Directions: Starting at the line that contains "Inn at Harbour Village" and stopping at the line that contains "Cambridgebridalstudio", transcribe every line of the material below exactly; pictures stay out.

Records supplied:
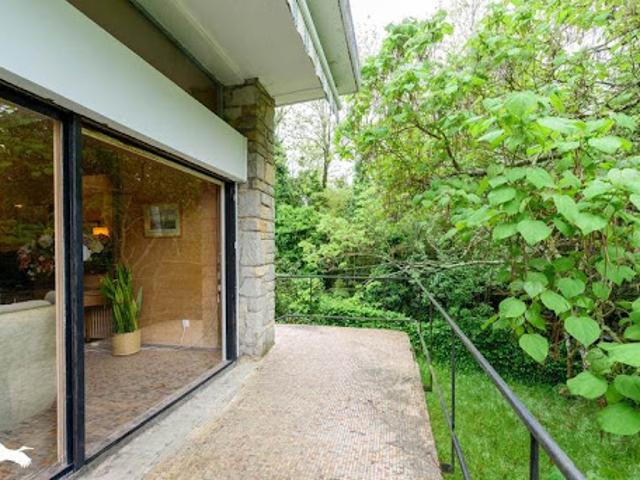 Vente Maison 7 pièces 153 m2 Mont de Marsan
--
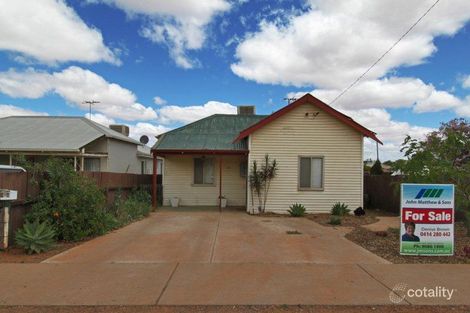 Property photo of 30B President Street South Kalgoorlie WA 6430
* * *
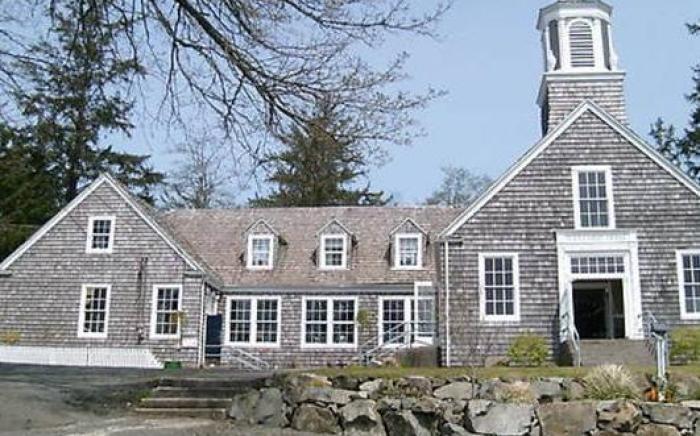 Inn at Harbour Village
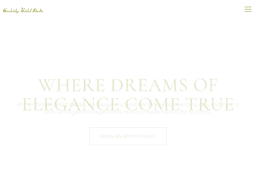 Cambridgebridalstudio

Solution to this task:
 Inn at Harbour Village
 Cambridgebridalstudio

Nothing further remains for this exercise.